━━━━━ RECORDS SUPPLIED

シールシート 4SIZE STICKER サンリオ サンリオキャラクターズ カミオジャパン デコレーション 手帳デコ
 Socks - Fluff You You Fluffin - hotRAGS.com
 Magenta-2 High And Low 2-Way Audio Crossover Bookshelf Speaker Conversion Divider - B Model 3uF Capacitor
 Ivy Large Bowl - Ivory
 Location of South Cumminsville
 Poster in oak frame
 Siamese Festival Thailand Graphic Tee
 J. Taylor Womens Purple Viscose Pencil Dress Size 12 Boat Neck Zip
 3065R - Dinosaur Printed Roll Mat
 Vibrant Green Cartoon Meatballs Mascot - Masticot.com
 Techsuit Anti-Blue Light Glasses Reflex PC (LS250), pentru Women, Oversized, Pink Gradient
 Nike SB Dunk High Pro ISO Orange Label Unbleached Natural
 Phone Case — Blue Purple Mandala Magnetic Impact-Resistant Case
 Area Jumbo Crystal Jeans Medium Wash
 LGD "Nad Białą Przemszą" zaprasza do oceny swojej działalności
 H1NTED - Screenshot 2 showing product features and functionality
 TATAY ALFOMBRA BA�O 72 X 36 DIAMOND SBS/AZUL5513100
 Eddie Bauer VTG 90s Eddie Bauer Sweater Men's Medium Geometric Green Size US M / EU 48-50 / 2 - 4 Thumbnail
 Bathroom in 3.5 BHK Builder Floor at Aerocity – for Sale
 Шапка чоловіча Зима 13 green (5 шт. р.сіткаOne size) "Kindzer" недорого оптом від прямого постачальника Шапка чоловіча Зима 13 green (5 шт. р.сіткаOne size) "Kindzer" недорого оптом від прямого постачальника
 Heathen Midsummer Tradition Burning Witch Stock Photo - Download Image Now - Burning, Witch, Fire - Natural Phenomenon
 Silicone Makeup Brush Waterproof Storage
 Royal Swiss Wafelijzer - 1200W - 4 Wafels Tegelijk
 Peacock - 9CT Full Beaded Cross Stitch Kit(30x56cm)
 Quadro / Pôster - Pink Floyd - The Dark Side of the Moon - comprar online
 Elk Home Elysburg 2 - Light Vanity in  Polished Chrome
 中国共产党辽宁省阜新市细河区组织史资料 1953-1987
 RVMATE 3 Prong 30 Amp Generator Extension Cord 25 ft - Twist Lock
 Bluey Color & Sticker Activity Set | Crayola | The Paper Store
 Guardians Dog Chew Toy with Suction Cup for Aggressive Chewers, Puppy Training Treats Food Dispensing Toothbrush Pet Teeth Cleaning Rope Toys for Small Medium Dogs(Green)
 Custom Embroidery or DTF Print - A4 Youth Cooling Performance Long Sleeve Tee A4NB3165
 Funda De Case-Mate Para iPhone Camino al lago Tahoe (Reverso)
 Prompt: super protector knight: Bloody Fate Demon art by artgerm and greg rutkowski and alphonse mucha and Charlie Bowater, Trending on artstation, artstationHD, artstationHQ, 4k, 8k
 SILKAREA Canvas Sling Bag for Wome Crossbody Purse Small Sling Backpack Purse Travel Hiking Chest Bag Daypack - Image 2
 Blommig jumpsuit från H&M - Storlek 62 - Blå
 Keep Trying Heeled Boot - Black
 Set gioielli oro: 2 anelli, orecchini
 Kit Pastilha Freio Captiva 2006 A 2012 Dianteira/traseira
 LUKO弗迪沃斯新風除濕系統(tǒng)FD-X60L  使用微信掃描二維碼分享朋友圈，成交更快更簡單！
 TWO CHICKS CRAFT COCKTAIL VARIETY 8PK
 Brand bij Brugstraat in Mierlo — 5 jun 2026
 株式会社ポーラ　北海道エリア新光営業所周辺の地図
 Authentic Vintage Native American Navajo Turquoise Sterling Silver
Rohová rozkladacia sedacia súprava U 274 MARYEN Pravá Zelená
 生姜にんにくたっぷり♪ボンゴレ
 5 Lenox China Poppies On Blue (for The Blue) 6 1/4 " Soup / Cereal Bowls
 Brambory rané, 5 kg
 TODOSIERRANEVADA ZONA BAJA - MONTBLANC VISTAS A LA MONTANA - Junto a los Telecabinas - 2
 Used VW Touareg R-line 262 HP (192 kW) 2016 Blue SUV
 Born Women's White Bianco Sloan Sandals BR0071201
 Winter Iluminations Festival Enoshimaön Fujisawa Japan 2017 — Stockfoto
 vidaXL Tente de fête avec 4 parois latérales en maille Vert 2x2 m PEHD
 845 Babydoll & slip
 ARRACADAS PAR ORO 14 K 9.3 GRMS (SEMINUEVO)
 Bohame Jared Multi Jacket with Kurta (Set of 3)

━━━━━━━━━━

-- PROMPT --
Copy the lines of the data above exactly as written, beginning with the line containing "Eddie Bauer VTG" and ending with the line containing "株式会社ポーラ　北海道エリア新光営業所周辺の地図", and leave out all other lines.

-- SOLUTION TO THIS PROBLEM --
 Eddie Bauer VTG 90s Eddie Bauer Sweater Men's Medium Geometric Green Size US M / EU 48-50 / 2 - 4 Thumbnail
 Bathroom in 3.5 BHK Builder Floor at Aerocity – for Sale
 Шапка чоловіча Зима 13 green (5 шт. р.сіткаOne size) "Kindzer" недорого оптом від прямого постачальника Шапка чоловіча Зима 13 green (5 шт. р.сіткаOne size) "Kindzer" недорого оптом від прямого постачальника
 Heathen Midsummer Tradition Burning Witch Stock Photo - Download Image Now - Burning, Witch, Fire - Natural Phenomenon
 Silicone Makeup Brush Waterproof Storage
 Royal Swiss Wafelijzer - 1200W - 4 Wafels Tegelijk
 Peacock - 9CT Full Beaded Cross Stitch Kit(30x56cm)
 Quadro / Pôster - Pink Floyd - The Dark Side of the Moon - comprar online
 Elk Home Elysburg 2 - Light Vanity in  Polished Chrome
 中国共产党辽宁省阜新市细河区组织史资料 1953-1987
 RVMATE 3 Prong 30 Amp Generator Extension Cord 25 ft - Twist Lock
 Bluey Color & Sticker Activity Set | Crayola | The Paper Store
 Guardians Dog Chew Toy with Suction Cup for Aggressive Chewers, Puppy Training Treats Food Dispensing Toothbrush Pet Teeth Cleaning Rope Toys for Small Medium Dogs(Green)
 Custom Embroidery or DTF Print - A4 Youth Cooling Performance Long Sleeve Tee A4NB3165
 Funda De Case-Mate Para iPhone Camino al lago Tahoe (Reverso)
 Prompt: super protector knight: Bloody Fate Demon art by artgerm and greg rutkowski and alphonse mucha and Charlie Bowater, Trending on artstation, artstationHD, artstationHQ, 4k, 8k
 SILKAREA Canvas Sling Bag for Wome Crossbody Purse Small Sling Backpack Purse Travel Hiking Chest Bag Daypack - Image 2
 Blommig jumpsuit från H&M - Storlek 62 - Blå
 Keep Trying Heeled Boot - Black
 Set gioielli oro: 2 anelli, orecchini
 Kit Pastilha Freio Captiva 2006 A 2012 Dianteira/traseira
 LUKO弗迪沃斯新風除濕系統(tǒng)FD-X60L  使用微信掃描二維碼分享朋友圈，成交更快更簡單！
 TWO CHICKS CRAFT COCKTAIL VARIETY 8PK
 Brand bij Brugstraat in Mierlo — 5 jun 2026
 株式会社ポーラ　北海道エリア新光営業所周辺の地図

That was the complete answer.